Ab jetzt ließen wir es etwas ruhiger angehen, wollten in den nächsten Tagen keine größeren Städte und Menschenmassen sehen. Wir wollten uns treiben lassen. Zunächst landeten wir auf einem scheinbar ehemaligen Campingplatz in einem kleinen Dorf. Außer uns gab es nur ein paar Angler und noch einen Camper aus England. Am späten Nachmittag machten wir noch einen kleinen Spaziergang durch das Dorf und fanden sogar einen Supermarkt und es kam noch besser. Dort gab es eine passende Gaskartusche für unseren Kocher für kleines Geld. So klein das Dorf auch war, hatte es gefühlt 10 Kneipen., die zwar nicht mehr alle offen waren, aber egal. Vor Jahren muss hier wohl mal der Bär gesteppt haben.

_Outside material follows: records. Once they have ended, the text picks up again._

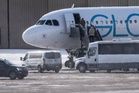 Several people rushed to Miami hospital after falling ill on plane belonging to airline used by ICE, report says
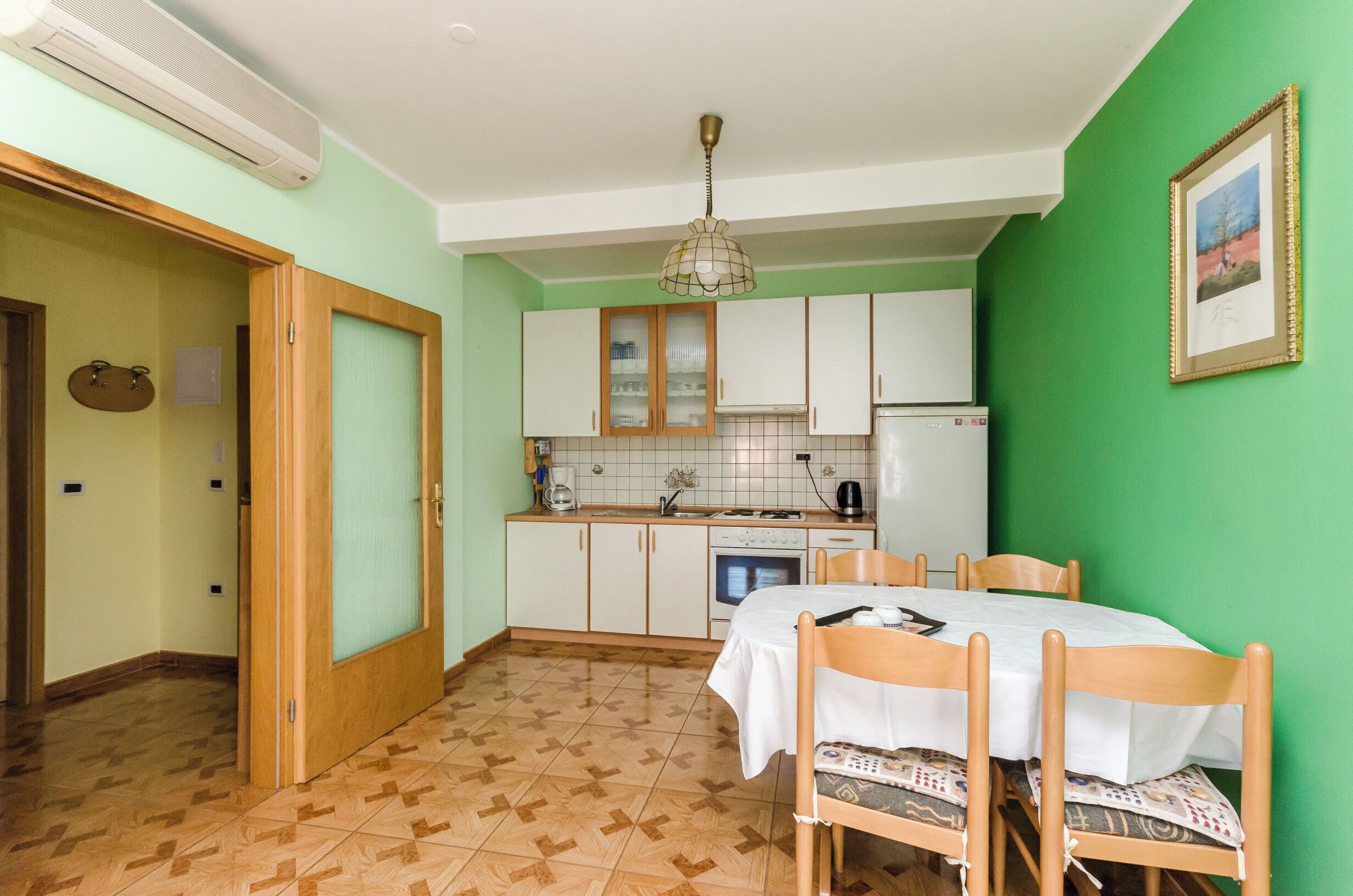 A compact kitchen with white cabinets, a dining table with chairs, and a green wall.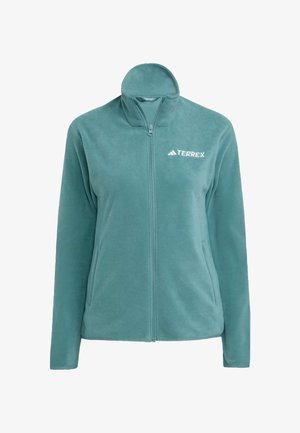 Giacca in pile di un leggero teal con colletto alto, zip frontale completo e tasche laterali. Presenta il logo bianco "TERREX" sul lato sinistro del petto. Texture morbida.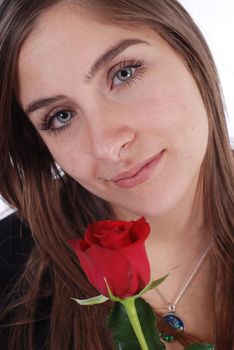 Beautiful girl holding a rose on white background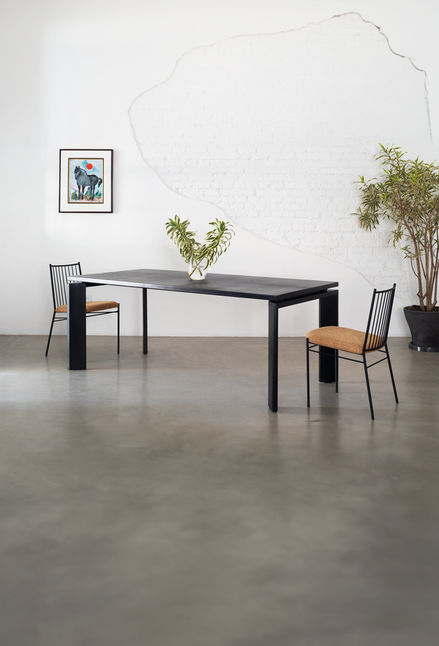 Berlin Table in black with two chairs and a glass vase, photographed in a bright concrete room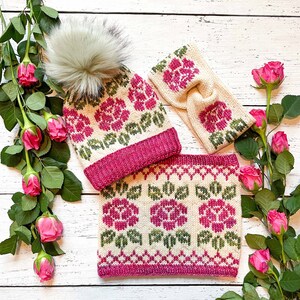 May include: A set of three knitted winter accessories featuring a floral pattern. The set includes a hat with a pom-pom, a headband, and a neck warmer. All three items are white with pink and green floral designs.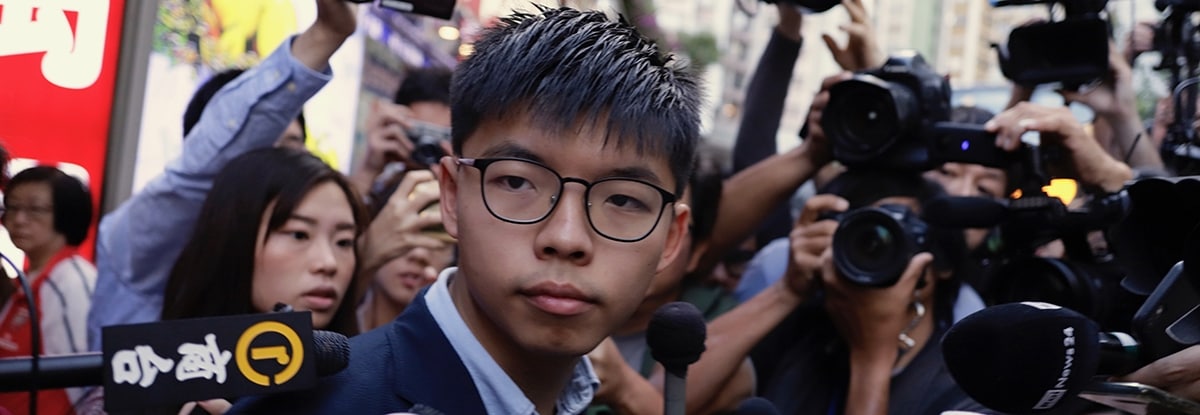 Joshua Wong (23) is een held in Hongkong: ‘We zullen doorgaan tot we de oorlog gewonnen hebben’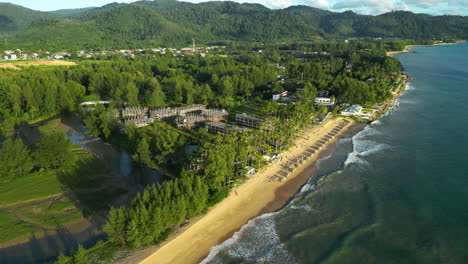 Aerial-Parallax-Over-A-Beautiful-Beachfront-Resort-Village-In-Khao-Lak,-Thailand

Am nächsten Tag fuhren wir weiter in Richtung Athen, das war unsere geplante Endstation in ein paar Tagen. Nach zwei Stunden strandeten wir an einem einsamen Strand. Alle Hotels und auch der Campingplatz sowie die Bars waren bereits geschlossen. Es gab nur ein paar Einheimische die hierher zum Baden kamen. Da der Campingplatz geschlossen war, konnten wir das Schild Camping verboten getrost ignorieren. Wo sollten wir denn sonst hin? Am Strand trafen wir neben streunenden Hunden noch eine Dame die Deutsch sprach und uns erklärte im Nachbarort gibt es offene Geschäfte und Cafés. Wir fanden ein niedliches Café mit selbst gebackenen Leckereien. Da Ida inzwischen auch richtig gut sitzen kann, machten wir es uns dort auf dem Sofa bequem. Am nächsten Morgen sprangen wir ins Meer und konnten die Duschen am Strand nutzen. Das Schild, bitte ohne Shampoos duschen, hatten wir zu spät gesehen. So ging es auch die nächsten zwei Tage weiter. Wir fuhren immer ca. zwei Stunden und suchten uns dann ein ruhiges Plätzchen. Wir standen an einer kleinen Fischerbucht und einem weiterem kleinen Strand. Wir schafften es sogar unsere Stühle, den Tisch und das Sonnensegel aufzubauen. Micha warf ab und zu noch die Angel aus und kochte uns ein leckeres One Pot Essen. Rezept kann gerne nachgeliefert werden. Alles in allem ließen wir so richtig die Seele baumeln. Selbst Ida war gechillt, zumindest am Tag. Am Sonntag machten wir uns dann auf nach Athen.